With our tight-packed MaidSafe nodes starting to keel over as they filled up and ran out of memory, we waved goodbye to RewardNet a couple of days ago, but not before it had lived up to its name. As well as demonstrating the now familiar stability, community members were enriched by unimaginable amounts of imaginary money, and we were all rewarded with greater knowledge about some important topics. As always - a thousand thanks for everyone who helped out. Special shout out to @josh for his metrics on the spread of payouts across his nodes, @southside for diligently tracking prices, and @loziniak for the recent PR cleaning up certain client APIs.
Here’s what we have changed this week in response to the testnet findings.
Price change tolerance is better handled by the client than by the node. Nodes should not accept an underpayment, it’s up to the client to decide its tolerance to a price rise. The client can now repay if a chunk price changed between the initial query and file upload (remember, prices increase automatically as nodes fill up).
We have changed the price-capacity curve so that storage stays cheaper for longer, only really ramping up when nodes are half full. This will encourage usage and also smooth out divergent payments in the early days.
We have started paying for storage using UXTOs sent over the wire instead of full DBCs, which uses much less memory. Another bonus: UXTOs are encrypted in motion.
To deal with the issue of clients running out of memory when encrypting large files, we have added streaming capabilities to self-encryption, meaning that large files are chunked stepwise rather than all at once. We’ve done something similar with decryption on the network side too. And we have made concurrency tweaks to the client, which should hopefully help keep large uploads moving as they can send more chunks to the network at the same time.

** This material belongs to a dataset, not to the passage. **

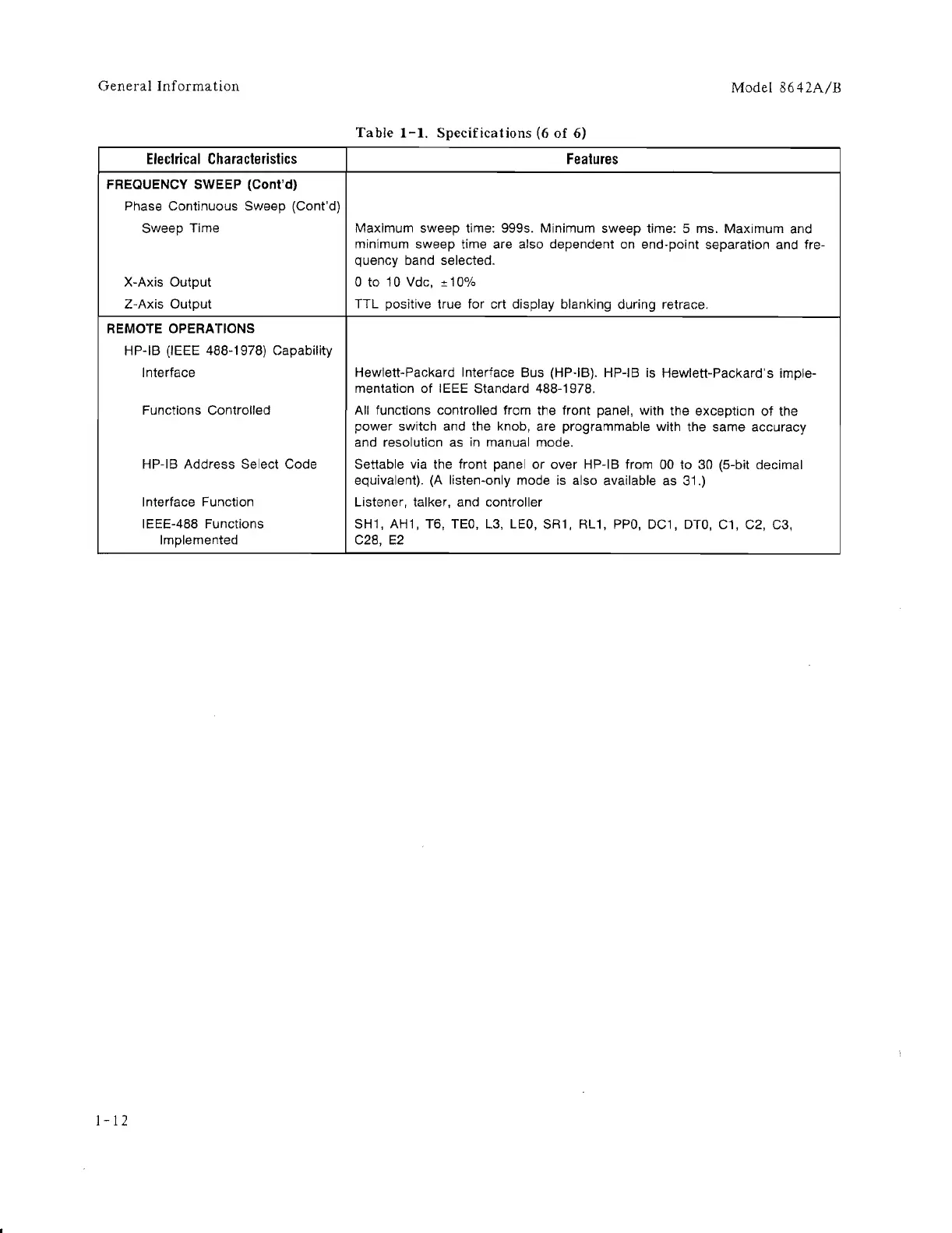 Page #20 background image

Away from the testnet, there’s good news about Sybil resistance in general. As David mentioned last week, Sybil attacks shouldn’t be an issue for Safe Network on more than the petty vandalism level; but @bogard brought to our attention a paper that shows how Sybil attacks on other decentralised networks can be detected in real-time and potentially mitigated, which, if it works out, would be a real step forward for the wider decentralisation cause.
General progress
@anselme has now integrated UTXOs in preparation for removing DBCs from the network, including adding security checks and implementing chunk payments with SNT. Register payments will follow shortly - as will a full explanation of the advantages of this approach over DBCs (promise). One thing to note right now is that UTXOs are fully encrypted over the wire, whereas DBCs were not - a significant security improvement.

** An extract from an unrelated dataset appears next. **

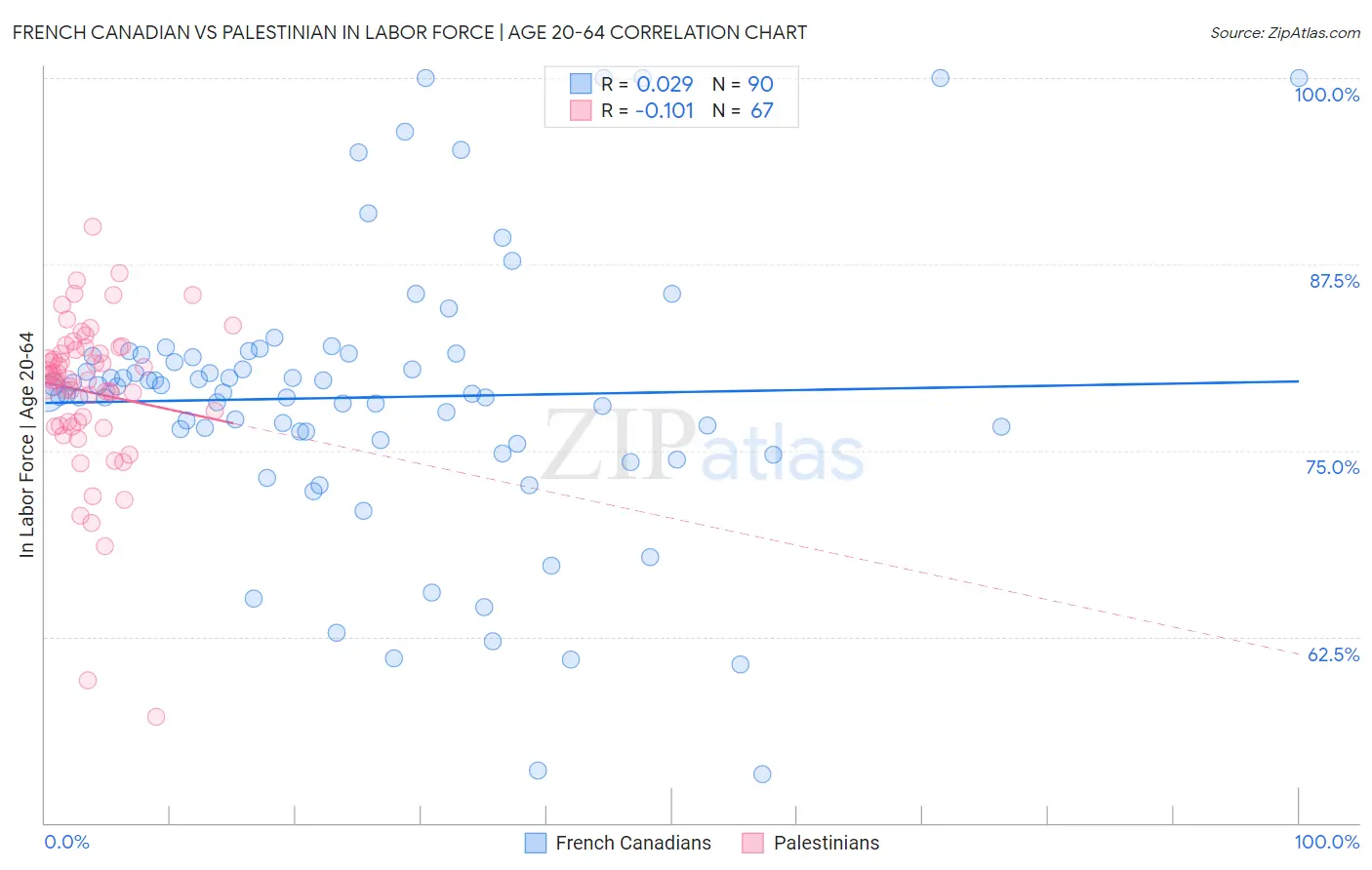 French Canadian vs Palestinian In Labor Force | Age 20-64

Payments for registers is currently @bochaco’s domain, and they are pretty much there now. He has also introduced UX improvements to prevent a client paying to create a new register if one already exists at the same address, and notify the client when errors have been made in the transaction or in the creation of a new register.
On monitoring, @roland has worked on integrating the OpenMetrics format into safenode
, and setting up Prometheus and Grafana to visualise the metrics that are emitted. This is a much lighter solution than we were using before.
Meanwhile, on downloads, @qi_ma has implemented a stream decryptor for downloads to allow the downloaded file to be streamed directly to a given folder. This avoids having to hold the entire decrypted file contents in memory before writing to disk, which should ease some mem problems.
@Joshuef has been looking at node pricing costs, and economics, including the price curve described above. Again, a fuller post will be forthcoming before too long. He’s also been getting stuck into moving payment tolerance handling to the client, so payments that fail due to price changes just get retried at the new rate. And he’s been looking into some weird intermittent CPU behaviour on Linux, which may be due to DBC loading.
@chriso has been looking into fixing a file sharing error and setting up automated smoke tests and initial data uploads for testnets.
@dirvine has returned to the ants’ nest for his latest blog post on the folly of trying to impose total order on complex systems.
And @jimcollinson has come up with some excellent ideas for a no frills, MVP network for launch, and proposed ideas for economic incentives in the beta network. Hate to do this to you again, but more soon!